新八犬伝

文学

 さきほどNHKアーカイブスという番組で、1973年ごろ放送された人形劇「新八犬伝」の総集編を放送していました。

 江戸の戯作者、滝沢馬琴「南総里見八犬伝」を下敷きにしたものです。
 
 坂本九の語りがべらぼうにうまかったですねぇ。
 講談のようでもあり、浪花節のようでもあり、歌舞伎のセリフのようでもある、七五調の名調子です。
 坂本九というとポップスの大御所というイメージが強いですが、実際は三味線や長唄、民謡などで音楽を学んだとかで、本来は邦楽の人なんだそうです。
 だから講釈師も真っ青の語りができるんですねぇ。

 私は小学生の頃、子ども向けに現代語訳された「八犬伝」を読みました。
 江戸時代、大ベストセラーとなった伝奇エンターテイメントの大作ということで、非常に面白く感じました。
 山田風太郎みたいな感じですかねぇ。

 中学生になって、滝沢馬琴の創作の秘密に迫る「戯作三昧」という芥川龍之介の小説を読みました。
 こちらは文学作品ですが、芥川龍之介滝沢馬琴の胸中を推し量り、それに共感している様子がよく出ていました。

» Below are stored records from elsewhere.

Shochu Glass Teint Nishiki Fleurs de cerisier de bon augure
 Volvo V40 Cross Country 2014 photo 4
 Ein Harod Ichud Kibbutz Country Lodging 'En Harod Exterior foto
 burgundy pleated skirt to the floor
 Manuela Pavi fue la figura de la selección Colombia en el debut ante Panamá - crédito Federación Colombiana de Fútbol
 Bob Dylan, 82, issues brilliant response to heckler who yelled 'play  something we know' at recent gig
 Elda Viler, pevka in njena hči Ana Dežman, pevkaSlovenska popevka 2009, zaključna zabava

 私は6歳の頃初めて「ドラキュラの歯はない」というお話を広告の裏に書いて以来、たびたびお話を書いてきました。
 物語作者でありたいという願望は、今も私の胸にくすぶっています。

 しかし、私には物語作者として決定的な欠陥があります。
 アイディアは浮かぶのですが、それを地道に書いていくのが苦痛なのです。
 おそらく本当の物語作者は、その過程が楽しくてしかたがないのでしょうね。
 そうでないと日がな一日机に向かってはいられないでしょう。

 かくして、心ならずもサラリーマンとして生きる道を選択したわけです。

 誠に残念です。

 坂本九は残念なことに1985年8月の日航機墜落事故で亡くなってしまいました。
 43歳。
 今の私と同年齢です。

 北島三郎と同い年なんだそうで、生きていれば演歌のさぶちゃん、ポップスの九ちゃんということで、日本の歌謡曲の御大になっていたでしょうねぇ。

 その坂本九の名調子を聞けて、幸せです。